Opportunities from the data deluge

There are huge opportunities for journalism and data. However, to take advantage of these opportunities, it will take ?not only a major rethinking in the editorial and commercial strategies that underpin current journalism organisations, but it will take a major retooling. Apart from a few business news organisations such as Dow Jones, The Economist and Thomson-Reuters, there really aren’t that many general interest news organisations that have this competency. Most smaller organisations won’t be able to afford it on an individual level, but it leaves room for a number of companies to provide services for this space.

Neil Perkin outlines the challenge and the opportunity in a wonderful column that he’s cross-posted from Marketing Week. (Tip of the blogging hat to Adam Tinworth, who flagged this up on Twitter and on his blog.) In our advanced information economies, we’re generating exabytes of data. While we’re just getting used to terabyte disk drives, this is an exabyte:

1 EB = 1,000,000,000,000,000,000 B = 1018 bytes = 1 billion gigabytes = 1 million terabytes

To put this in perspective, I’ll use an oft-quoted practical example from Caltech researcher Roy Williams. All the words ever spoken by human beings could be stored in about 5 exabytes. Neil quotes Google CEO Eric Schmidt to show the challenge (and opportunity) that the data deluge is creating:

Between the dawn of civilisation and 2003, five exabytes of information were created. In the last two days, five exabytes of information have been created, and that rate is accelerating.
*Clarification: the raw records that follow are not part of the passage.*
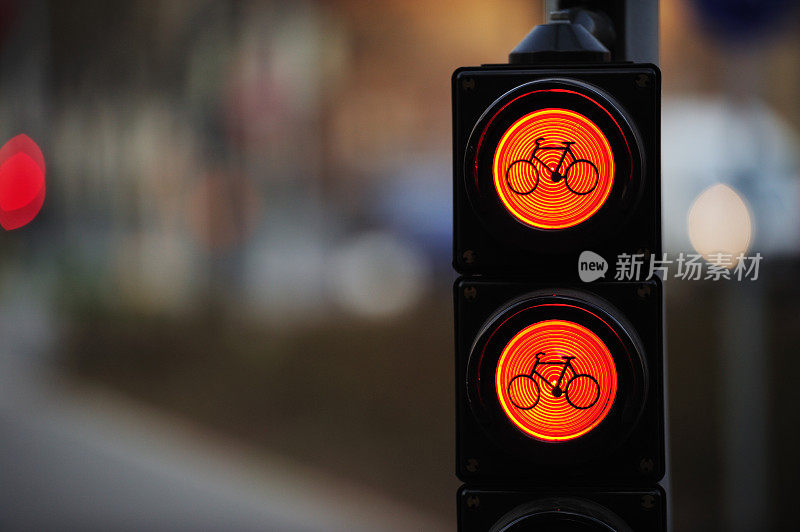 自行车交通灯，失去焦点的汽车和交通背景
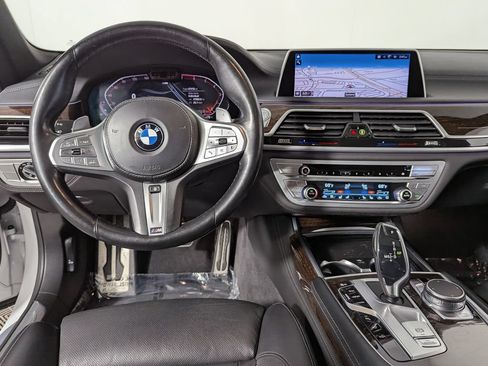 Used 2022 BMW 750i xDrive w/ M Sport Package AWD/4WD image 24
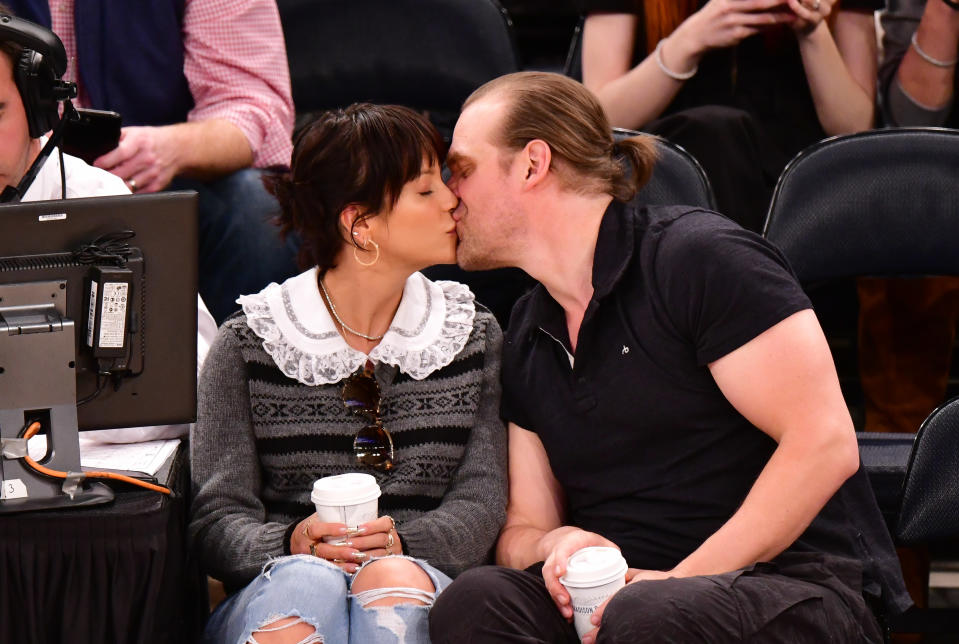 NEW YORK, NY - OCTOBER 18:  Lily Allen and David Harbour attend New York Knicks v New Orleans Pelicans preseason game at Madison Square Garden on October 18, 2019 in New York City.  (Photo by James Devaney/Getty Images)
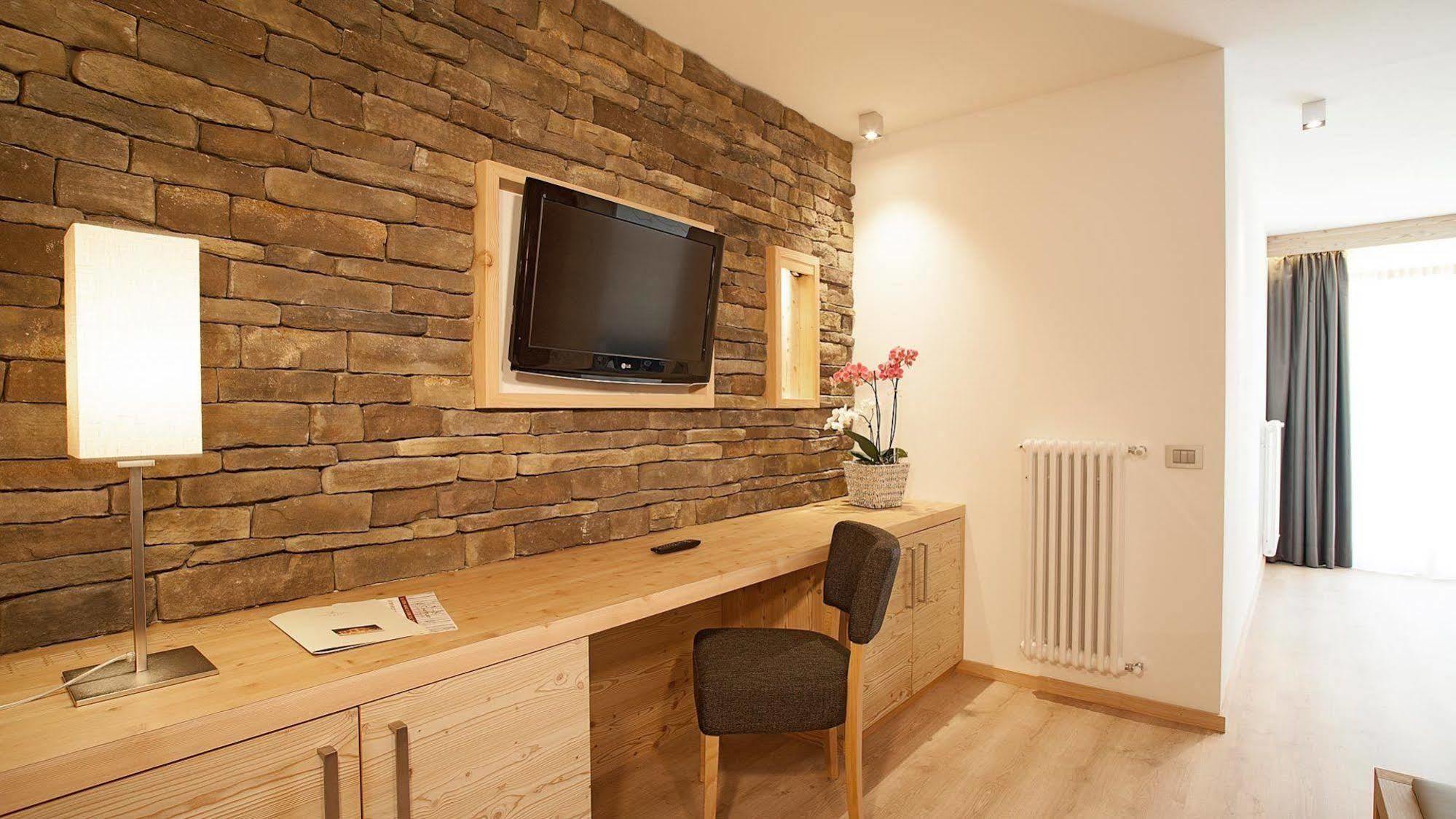Hotel Europeo Alpine Charme&Wellness Pinzolo Exterior foto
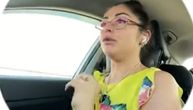 Sudar uživo: Blogerka se snimala tokom vožnje i doživela saobraćajku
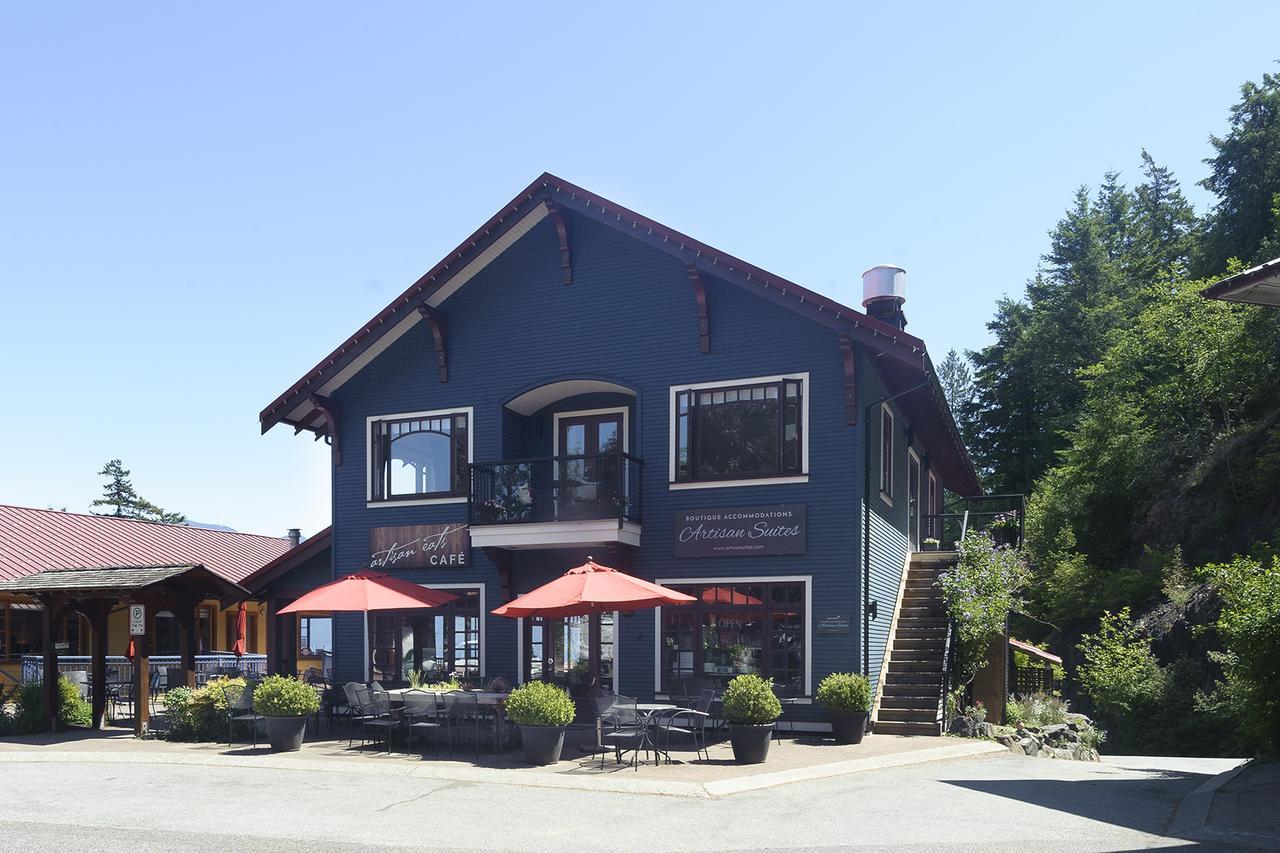 Artisan Suites On Bowen Snug Cove Exterior photo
All the words spoken since the dawn of language in 5 exabytes or the amount of information created in the last two days helps illustrate the acceleration of information creation. Those mind-melting numbers wash over most people, especially in our arithmophobic societies. However, there is a huge opportunity here, which Neil states as this:

The upside of the data explosion is that the more of it there is, the better digital based services can get at delivering personal value.

And journalists can and definitely should play a role in helping make sense of this. However, we’re going to have to overcome not only the tyranny of chronology but also the tyranny of narrative, especially narratives that prejudice anecdote over data. Too often to sell stories, we focus on outliers because they shock, not because outliers are in any way representative of reality.

From a process point of view, journalists are going to need to start getting smarter about data. I think data crunching services will be one way that journalism organisations can subsidise the public service mission that they fulfil, but as I have said, it’s a capacity that will need to be built up.

Helping journalists ‘scale up what they do’

It’s not just raw data-crunching that needs to improve, but we’re starting to see a lot of early semantic tools that will help more traditional narrative-driven journalists do their jobs. In talking about how he wanted to help journalists at AOL overcome their technophobia, CEO Tim Armstrong talked about why these tools were necessary. Journalists have not been included in corporate technology upgrades (and often not included in creation of tools for their work). Armstrong said at a conference in June:

Journalists I met were often the only people in the room who never had access to a lot of info, except what they already knew.

It’s not technology for technology’s sake but tools to open up more information and help them make sense of it. Other industries have often implemented data tools to help them do their jobs, but it’s rare in journalism (outside of computer-assisted reporting or database journalism circles). Armstrong said:

You can pretty much go to any professional industry, and there’s some piece of data system that helps people scale what they do.

Journalists are being asked to do more with less as cuts go deep in newsrooms, and we’re going to have to work smarter because I know that there are some journalists now working to the breaking point.

There have been times in the last few years when I testing the limits of my endurance. Last summer, filling in behind my colleague Jemima Kiss, I was working from 7 am until 11 pm five days a week and then usually five or six hours on the weekends. I could do it for a while because it was a limited 10-week assignment. Even for 10 weeks, it was limiting the amount of time I had with my wife and was negatively affecting my health.

I’m doing a lot of thinking about services that can help journalists deal with masses of information and also help audiences more easily put stories into context. We’re going to need new tools and techniques for this new period in the age of information. The opportunities are there. Linked data and tools to analyse, sort and contextualise will lead to a new revolution in news and information services. Several companies are already in this space, but we’re just at the beginning of this revolution. We live in exciting times.